Hydroponics
The art of cultivating plant life in a nutrient-water solution, whose roots are supported by a substance other than soil. This could be considered a fairly accurate definition of the term “hydroponics.” In its more advanced stages, hydroponics can be a complex art indeed. Two of the greatest benefits of hydroponics gardening are the freshness and high nutritional value of the vegetables and herbs that can be grown. For these reasons, you can also find recipes from famous chefs who use hydroponically grown produce in their own kitchens.
With the exception of a cursory knowledge of how hydroponics came about, most readers couldn’t care less about the long list of people who have experimented with hydroponics, or when. Nor do most readers care that some nutrients can be “locked in” under certain conditions and are therefore unavailable to the plant.
History
Hydroponics is at least as ancient as the Pyramids. The Hanging Gardens of Babylon, which are listed as one of the Seven Wonders of the World, used a crude form of hydroponics. The world’s rice crops have been grown in this way from time immemorial. In 1934, however, a University of California professor adapted this time-tested technique to other crops. The results were twenty-five foot tomato vines that had to be harvested with ladders. Modern hydroponics was born and it has been advancing ever since.
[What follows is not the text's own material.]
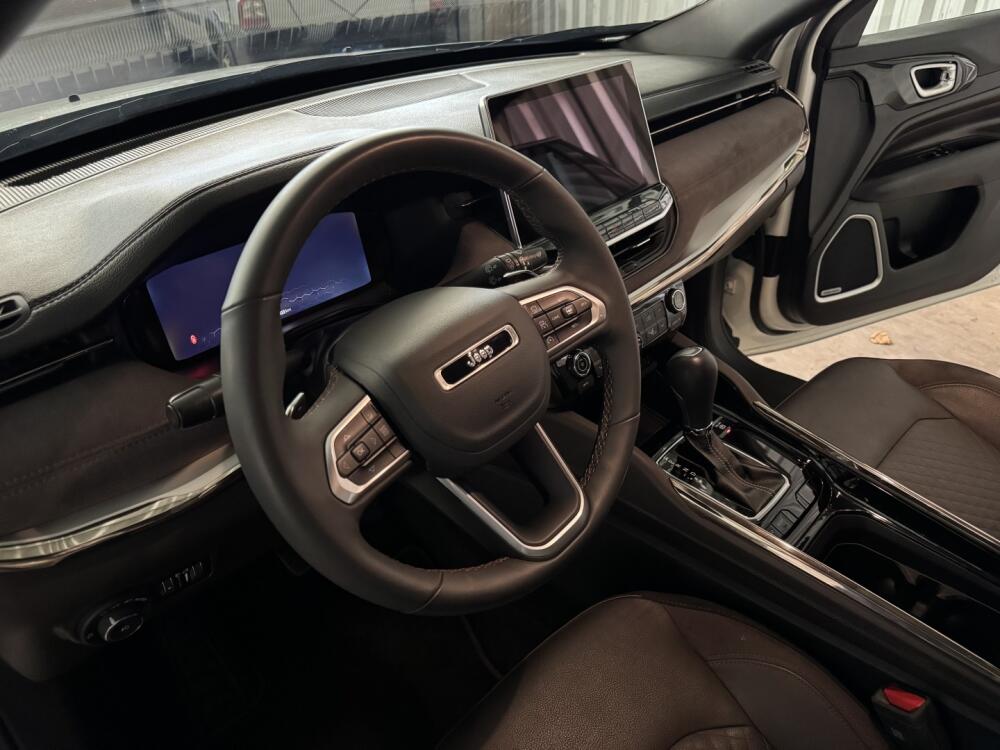 Jeep Commander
During the Second World War, Allied soldiers ate hydroponic vegetables grown on their air and naval bases in the South Pacific. Today, hydroponic installations help feed millions of people; they may be found flourishing in the deserts of Israel, Lebanon and Kuwait, on the islands of Ceylon, the Philippines and the Canaries, on the roof tops of Calcutta and in the parched villages of West Bengal.
Half of Vancouver Island’s tomato crop and one-fifth of Moscow’s are hydroponically produced. There are full-fledged hydroponics systems in American nuclear submarines, Russian space stations and on offshore drillings rigs. Large zoos keep their animals healthy with hydroponics green food, and race horses stay sleek and powerful on grass grown hydroponically year round. There are large and small systems used by companies and individuals as far north as Baffin Island and Eskimo Point in Canada’s Arctic. Commercial growers are using this marvelous technique to produce food on a large scale from Israel to India, and from Armenia to the Sahara.